PERCEBAM O PEQUENO LUKE SKYWALKER DE VERMELHO AO LADO DE SEU PAI
Ele anuncia a música Pegasus Fantasy, abertura de Os Cavaleiros do Zodíaco e uma das mais conhecidas canções dos desenhos japoneses de todos os tempos. Ricardo e outro cantor dividem as vozes. A primeira voz é em japonês e fica por conta do cantor do Jam Project, após alguns versos e o refrão, entra a voz em português. Não importa o idioma, o som é contagiante. Até as duas últimas músicas as pessoas não cansam de pular, algumas até fazer manobras em cima de muros ou algum corrimão perto do palco.

Logo depois da última música, o público se dirige para a parte de baixo da praça onde já se pode ouvir uma gritaria. Com Ricardo, ainda elétrico devido à energia do show, vamos de encontro ao burbúrio. Vemos uma roda e barulho de briga no meio.

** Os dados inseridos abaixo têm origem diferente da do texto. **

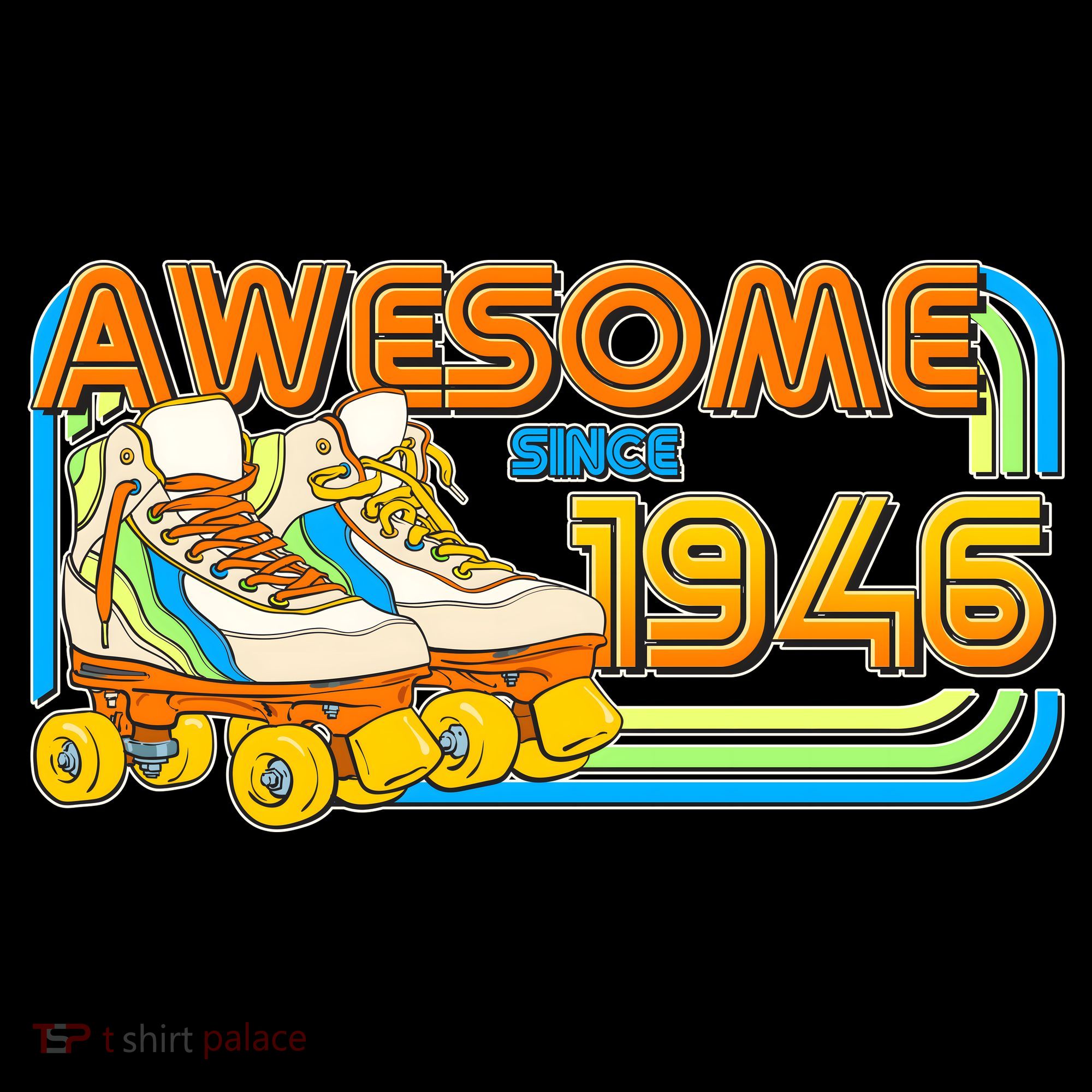 80th Birthday Awesome Since 1946 Retro Roller Skates  Coffee Mug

Aproximamos e, ao olhar entre cabeças, descobrimo que na verdade é uma disputa de sabres de luz, vemos Darth Vader contra Darth Vader, Jedi contra Jedi; só na Dimensão Nerd para ver algo do tipo. Um garoto vestido de demônio – assim imagina-se - passa e pergunta algo que não dá para decifrar. Ele sai parecendo agradecer e vai embora esbarrando suas longas asas nos espectadores da luta. Segue seu caminho e nós vamos seguir o nosso, a festa continua. É bom ter acertado a direção de seja lá o que se tenha indicado. Nunca é benéfico enganar o demônio.